Minimalist art often confounds the viewing public. In his seminal 1965 essay “Specific Objects,” Donald Judd explained: “It isn’t necessary for a work to have a lot of things to look at, to compare, to analyze one by one, to contemplate. The thing as a whole, its quality as a whole, is what is interesting.” Much clearer.

The Thierry Goldberg Projects’ exhibit Unspecific Objects brings together six artists—Martin Basher, Jona Bechtolt, Daniel Ellis, Rashawn Griffin, David Scanavino and Takayuki Kubota—who were all charged with the task of reinterpreting Judd’s brand of reductionism. Think of it as minimalism 6.0.

The included works aren’t just regurgitated versions of Judd’s polychrome steel boxes, they’re pieces that speak to the future of minimalist art. Using both classically minimalist materials (concrete and Dan Flavin-esque fluorescent lights) and those outside the movement—TV screens, posters and fabric—these pieces rejuvenate a deceptively stark artistic genre.

Griffin’s “The Haberdasher” greets the viewer with a plaid fabric-clad canvas suspended from the ceiling. Presumably, the piece is merely a textile rectangle, a work that is “neither painting nor sculpture.” But the other side reveals a Rauschenbergian combine. This covert canvas jumbles images of huts, flowers, copulating beetles and a torn book page. It’s unexpected and a harbinger of good things to come in this small exhibit.

“Untitled (Rope Cast)” by Scanavino is more reminiscent of traditional minimalist art. This sculptural diptych features a deep rope impression that slithers through two plaster blocks like a fossilized worm. Though sparse materially, this piece is surprisingly referential, bringing to mind Duchamp’s “3 Standard Stoppages.” What appears to be a haphazard cast is in fact quite deliberate.

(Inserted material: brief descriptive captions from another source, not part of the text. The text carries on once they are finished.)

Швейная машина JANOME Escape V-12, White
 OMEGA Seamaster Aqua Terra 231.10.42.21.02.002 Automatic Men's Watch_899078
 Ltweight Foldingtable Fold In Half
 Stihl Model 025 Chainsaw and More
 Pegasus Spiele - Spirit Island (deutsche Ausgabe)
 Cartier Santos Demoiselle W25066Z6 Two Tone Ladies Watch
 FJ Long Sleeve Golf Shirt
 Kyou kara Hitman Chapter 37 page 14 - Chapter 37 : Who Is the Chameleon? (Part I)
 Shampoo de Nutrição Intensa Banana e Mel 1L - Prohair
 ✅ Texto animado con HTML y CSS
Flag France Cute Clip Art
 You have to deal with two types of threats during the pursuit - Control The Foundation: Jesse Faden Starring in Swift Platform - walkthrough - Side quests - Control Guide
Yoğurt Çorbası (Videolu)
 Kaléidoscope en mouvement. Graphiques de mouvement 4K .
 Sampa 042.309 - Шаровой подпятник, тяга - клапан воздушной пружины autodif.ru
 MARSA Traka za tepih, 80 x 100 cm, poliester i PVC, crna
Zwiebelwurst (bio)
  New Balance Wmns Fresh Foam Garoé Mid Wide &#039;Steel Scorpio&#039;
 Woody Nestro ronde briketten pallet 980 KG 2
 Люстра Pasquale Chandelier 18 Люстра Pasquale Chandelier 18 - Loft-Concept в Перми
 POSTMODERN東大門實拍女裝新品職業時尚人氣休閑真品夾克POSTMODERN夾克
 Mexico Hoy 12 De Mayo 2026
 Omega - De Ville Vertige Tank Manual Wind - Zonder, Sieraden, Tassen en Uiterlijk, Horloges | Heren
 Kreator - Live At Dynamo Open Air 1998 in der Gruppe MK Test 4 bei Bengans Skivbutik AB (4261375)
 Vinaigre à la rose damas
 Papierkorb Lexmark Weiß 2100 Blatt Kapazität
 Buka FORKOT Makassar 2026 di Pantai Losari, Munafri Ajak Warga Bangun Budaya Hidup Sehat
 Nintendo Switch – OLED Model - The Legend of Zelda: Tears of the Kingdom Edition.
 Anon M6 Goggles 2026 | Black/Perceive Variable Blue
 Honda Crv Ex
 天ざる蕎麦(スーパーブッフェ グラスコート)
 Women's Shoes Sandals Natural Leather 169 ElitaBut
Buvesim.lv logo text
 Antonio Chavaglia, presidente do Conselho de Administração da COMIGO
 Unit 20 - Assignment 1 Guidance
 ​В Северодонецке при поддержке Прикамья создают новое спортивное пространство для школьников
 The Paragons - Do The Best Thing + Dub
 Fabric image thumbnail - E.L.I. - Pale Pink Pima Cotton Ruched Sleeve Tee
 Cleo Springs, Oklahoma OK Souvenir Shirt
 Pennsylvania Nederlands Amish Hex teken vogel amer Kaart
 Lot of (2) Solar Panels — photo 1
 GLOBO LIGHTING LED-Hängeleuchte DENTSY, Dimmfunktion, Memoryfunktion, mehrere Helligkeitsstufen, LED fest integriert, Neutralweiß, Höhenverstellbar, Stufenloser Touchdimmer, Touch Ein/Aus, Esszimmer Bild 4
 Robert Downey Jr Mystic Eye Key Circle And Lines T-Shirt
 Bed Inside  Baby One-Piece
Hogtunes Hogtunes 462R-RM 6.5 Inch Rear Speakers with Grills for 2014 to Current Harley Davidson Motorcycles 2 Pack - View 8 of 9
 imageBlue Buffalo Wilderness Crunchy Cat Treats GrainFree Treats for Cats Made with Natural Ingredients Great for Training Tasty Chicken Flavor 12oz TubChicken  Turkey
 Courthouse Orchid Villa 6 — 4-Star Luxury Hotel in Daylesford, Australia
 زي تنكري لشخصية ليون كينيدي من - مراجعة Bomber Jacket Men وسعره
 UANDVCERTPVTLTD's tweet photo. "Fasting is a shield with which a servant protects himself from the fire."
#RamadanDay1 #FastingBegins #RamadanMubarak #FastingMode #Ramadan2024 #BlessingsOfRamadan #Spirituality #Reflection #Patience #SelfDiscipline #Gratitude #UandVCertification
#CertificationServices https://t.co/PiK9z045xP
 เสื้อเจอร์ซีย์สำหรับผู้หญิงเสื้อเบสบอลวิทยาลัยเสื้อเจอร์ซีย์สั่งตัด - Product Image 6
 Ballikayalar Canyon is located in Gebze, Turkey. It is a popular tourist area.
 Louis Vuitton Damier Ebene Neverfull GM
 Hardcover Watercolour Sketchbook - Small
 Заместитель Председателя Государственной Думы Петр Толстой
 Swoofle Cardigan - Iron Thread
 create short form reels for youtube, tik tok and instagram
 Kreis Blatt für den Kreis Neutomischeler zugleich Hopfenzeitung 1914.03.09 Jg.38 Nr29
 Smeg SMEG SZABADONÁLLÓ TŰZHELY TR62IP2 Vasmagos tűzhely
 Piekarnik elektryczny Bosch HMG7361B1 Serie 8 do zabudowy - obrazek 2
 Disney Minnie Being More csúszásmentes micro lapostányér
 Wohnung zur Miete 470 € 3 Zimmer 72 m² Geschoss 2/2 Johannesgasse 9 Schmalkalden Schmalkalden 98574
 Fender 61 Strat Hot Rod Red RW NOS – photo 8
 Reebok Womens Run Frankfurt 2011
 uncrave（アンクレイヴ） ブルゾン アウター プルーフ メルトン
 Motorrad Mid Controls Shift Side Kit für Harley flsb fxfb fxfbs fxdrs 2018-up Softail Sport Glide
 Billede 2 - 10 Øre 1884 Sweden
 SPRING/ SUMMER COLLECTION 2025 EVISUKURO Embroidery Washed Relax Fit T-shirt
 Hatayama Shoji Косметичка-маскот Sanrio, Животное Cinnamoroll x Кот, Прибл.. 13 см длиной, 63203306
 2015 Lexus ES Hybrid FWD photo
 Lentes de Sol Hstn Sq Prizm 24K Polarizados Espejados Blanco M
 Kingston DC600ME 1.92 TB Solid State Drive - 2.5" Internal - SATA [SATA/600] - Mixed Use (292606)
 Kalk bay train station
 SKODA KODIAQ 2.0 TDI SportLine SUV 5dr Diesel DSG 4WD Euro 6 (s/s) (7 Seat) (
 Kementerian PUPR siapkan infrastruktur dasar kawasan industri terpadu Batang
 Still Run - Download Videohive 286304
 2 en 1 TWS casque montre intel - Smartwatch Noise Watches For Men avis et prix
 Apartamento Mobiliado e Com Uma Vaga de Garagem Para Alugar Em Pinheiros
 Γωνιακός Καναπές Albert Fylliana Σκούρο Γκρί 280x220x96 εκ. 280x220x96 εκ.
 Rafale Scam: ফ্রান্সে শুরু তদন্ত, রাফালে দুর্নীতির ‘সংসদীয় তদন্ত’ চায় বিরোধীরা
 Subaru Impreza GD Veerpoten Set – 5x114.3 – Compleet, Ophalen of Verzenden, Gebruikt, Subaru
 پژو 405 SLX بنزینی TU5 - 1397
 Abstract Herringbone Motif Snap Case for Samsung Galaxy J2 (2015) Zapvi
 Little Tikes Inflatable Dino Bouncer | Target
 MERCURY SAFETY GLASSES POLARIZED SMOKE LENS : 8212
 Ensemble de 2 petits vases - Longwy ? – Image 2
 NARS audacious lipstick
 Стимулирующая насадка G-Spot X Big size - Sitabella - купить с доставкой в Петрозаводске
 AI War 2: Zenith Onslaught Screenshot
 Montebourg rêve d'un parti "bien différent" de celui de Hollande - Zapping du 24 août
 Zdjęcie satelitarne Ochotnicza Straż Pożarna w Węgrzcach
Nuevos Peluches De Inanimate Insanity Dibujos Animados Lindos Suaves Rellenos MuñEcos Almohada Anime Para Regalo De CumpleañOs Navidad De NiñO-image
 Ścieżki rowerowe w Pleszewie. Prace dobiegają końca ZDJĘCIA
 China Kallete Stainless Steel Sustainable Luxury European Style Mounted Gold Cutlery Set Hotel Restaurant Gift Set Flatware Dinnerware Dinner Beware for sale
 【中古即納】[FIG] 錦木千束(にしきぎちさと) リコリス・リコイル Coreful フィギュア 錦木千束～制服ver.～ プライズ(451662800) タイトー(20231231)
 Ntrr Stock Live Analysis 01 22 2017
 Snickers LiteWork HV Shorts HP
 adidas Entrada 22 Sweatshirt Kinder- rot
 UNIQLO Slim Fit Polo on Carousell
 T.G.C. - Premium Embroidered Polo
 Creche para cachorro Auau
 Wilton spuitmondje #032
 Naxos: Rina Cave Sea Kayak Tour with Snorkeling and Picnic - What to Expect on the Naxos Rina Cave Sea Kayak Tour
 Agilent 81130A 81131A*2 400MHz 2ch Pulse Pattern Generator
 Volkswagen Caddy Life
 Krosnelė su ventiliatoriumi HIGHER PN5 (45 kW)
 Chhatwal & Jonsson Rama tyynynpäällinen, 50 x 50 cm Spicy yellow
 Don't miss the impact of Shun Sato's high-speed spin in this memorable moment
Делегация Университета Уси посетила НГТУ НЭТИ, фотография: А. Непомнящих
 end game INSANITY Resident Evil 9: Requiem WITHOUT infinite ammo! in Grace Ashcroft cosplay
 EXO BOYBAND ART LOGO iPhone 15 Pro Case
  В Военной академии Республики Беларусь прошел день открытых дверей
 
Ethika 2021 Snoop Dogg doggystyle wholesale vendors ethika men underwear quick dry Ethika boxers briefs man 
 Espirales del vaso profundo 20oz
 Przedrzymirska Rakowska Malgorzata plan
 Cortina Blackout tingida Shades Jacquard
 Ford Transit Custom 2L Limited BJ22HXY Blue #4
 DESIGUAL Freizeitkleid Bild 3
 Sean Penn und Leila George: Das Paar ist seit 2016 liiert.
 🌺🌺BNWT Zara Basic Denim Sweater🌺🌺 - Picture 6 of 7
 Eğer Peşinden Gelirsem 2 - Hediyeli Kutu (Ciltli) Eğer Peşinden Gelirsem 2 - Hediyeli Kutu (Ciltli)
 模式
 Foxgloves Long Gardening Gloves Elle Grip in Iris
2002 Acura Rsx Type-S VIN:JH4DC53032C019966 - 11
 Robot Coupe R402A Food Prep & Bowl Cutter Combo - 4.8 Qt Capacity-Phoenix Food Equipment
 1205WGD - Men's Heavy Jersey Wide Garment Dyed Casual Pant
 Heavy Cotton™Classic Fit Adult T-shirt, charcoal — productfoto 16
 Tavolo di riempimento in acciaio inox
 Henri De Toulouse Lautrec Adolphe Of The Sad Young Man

A cumbersome television slumps in the corner of the gallery’s second room. The TV’s blank screen fills repeatedly with the familiar colors of a broadcast test pattern. For each sliver, there is an accompanying tone that fills the space with a vaguely ominous cacophony of sound.

Minimalism concentrated on medium and the object, much like these works do. But these artists are challenging the past rather than being slaves to it. And for the most part, they are doing it quite successfully.